Lovely photos, look forward to seeing more as she develops.  You seem to have made some real improvements already.


----------



## ozpoz (8 March 2016)

She is sweet - and I love the name! x


----------



## cblover (9 March 2016)

Morning all, just a couple of pics from yesterday to share with you.  I was having hay delivered and 'Scrappy Do' decided to investigate! Quite cute really. 















We've turned a corner I think and heading in the right direction. Yipee!!


----------



## Hetsmum (9 March 2016)

I am totally in love she looks so lovely.  What a lucky girl


----------



## RubysGold (9 March 2016)

She's so beautiful 
She's going to be a big girl by the time she grows into those legs!!


----------



## Wagtail (9 March 2016)

She's absolutely gorgeous, and looks so happy!


----------



## MargotC (9 March 2016)

I love her face!


----------



## Adopter (9 March 2016)

Lovely pictures, she is very alert and such a pretty face.


----------



## Regandal (9 March 2016)

She's a wee belter!  Amazing what decent food and lots of tlc can do.


----------



## cblover (9 March 2016)

Yep, I'm so happy with the difference in her already.


----------



## Asha (9 March 2016)

That's one chunk of fluffy loveliness . Congratulations, look forward to the updates over the coming years x


----------



## Princess16 (10 March 2016)

cblover said:



			Morning all, just a couple of pics from yesterday to share with you.  I was having hay delivered and 'Scrappy Do' decided to investigate! Quite cute really. 

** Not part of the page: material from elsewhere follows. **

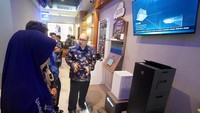 Ini menjadi showroom Daikin Proshop ke-34 di Indonesia yang menempati bangunan ruko tiga lantai dan berada di Jalan William Iskandar No.113, Medan. Dengan penataan interior yang dibuat menyerupai ruang dalam hunian dan produk yang terimplementasi masing-masing sesuai kebutuhannya, nuansa sebuah bangunan toko tak akan terasa ketika memasukinya.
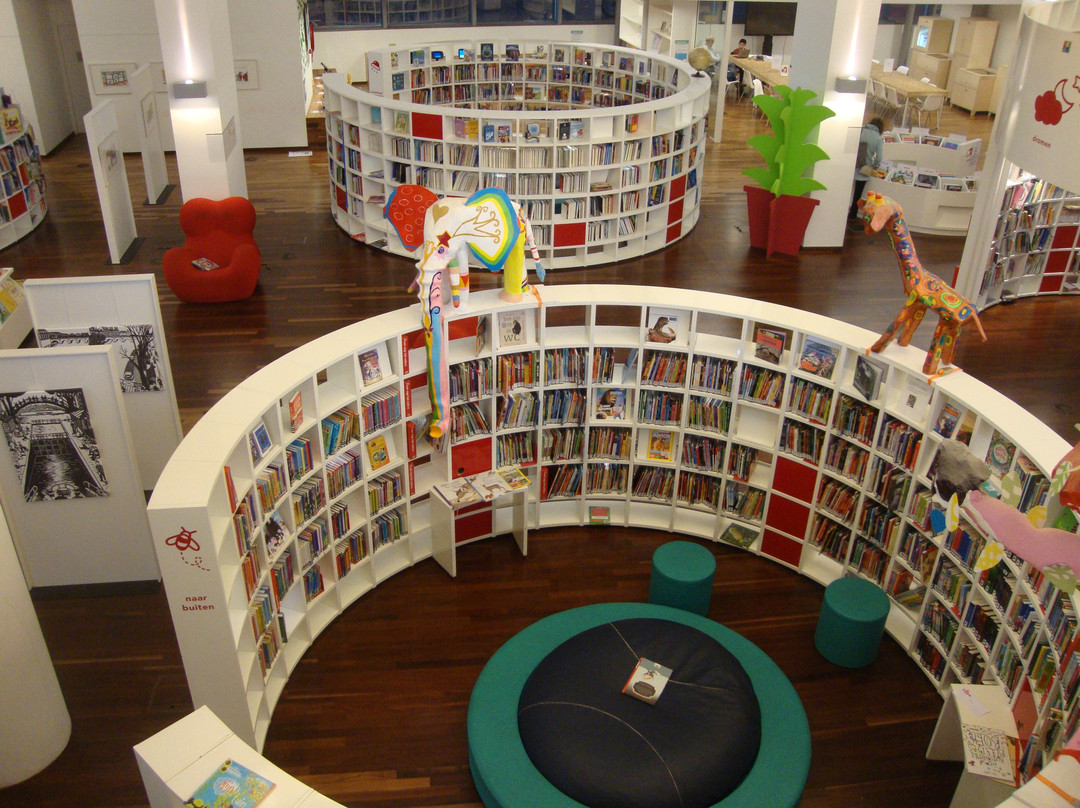 Openbare Bibliotheek Bussum景点图片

We've turned a corner I think and heading in the right direction. Yipee!!
		
Click to expand...

I just want to munch that ickle face


----------



## Crugeran Celt (10 March 2016)

She looks such a sweetie.


----------



## cblover (22 March 2016)

Morning all, a little update on Scrappy.  I can't leave her out now I have a new horse.  Here's a photo from yesterday morning......I think its safe to say she's lying down over night and resting well. lol








Also, look how big she's getting. She's like a little mushroom, I'm really pleased with her.  I get a lovely welcome each morning from her and she's tucking into her grub so all is well.  Still on the thin side but we're getting there and she's got so much more energy. She's galloping about the field like a race horse! lol x


----------



## Hetsmum (22 March 2016)

She's huge!  She is going to be a big girl!  From the photo she doesn't look thin, just gangly but beautiful.  You are going to have your hands full now - but in a very good way


----------



## Elf On A Shelf (22 March 2016)

She's looking fantastic! Your hard work is certainly being rewarded!


----------



## HufflyPuffly (22 March 2016)

She's just so cute , you're doing a great job with her.


----------



## ljohnsonsj (22 March 2016)

Love this thread, shes looking incredible! Well done you


----------



## LadyGascoyne (22 March 2016)

She's really landed on her feet with you. She's looking great. Lucky little foal.


----------



## Wagtail (22 March 2016)

She's just adorable. Always makes me smile when you post her pictures. Keep them coming!


----------



## SatansLittleHelper (22 March 2016)

I love her...thank you for keeping this thread going.


----------



## Kima (22 March 2016)

Aww what a pleasure to read - I love how she's always covered in shavings


----------



## cblover (23 March 2016)

She was covered again this morning, such a chilled out girl. Love her! lol


----------



## cblover (4 April 2016)

Morning all, little update with pics from me and 'Scrappy'. lol  She's growing like a mushroom and I'm spending time grooming her to get used to the feel and help her relax.  I can brush right down her front legs and pick her foot up for a second or so but she's still scared.  No wonder when last time someone picked your foot up you were twitched. She also met my farrier yesterday and bit him! Oooppsss! lol  He made a lovely fuss of her and spent some time stroking her legs and getting her used to having her legs stroked and picked up.  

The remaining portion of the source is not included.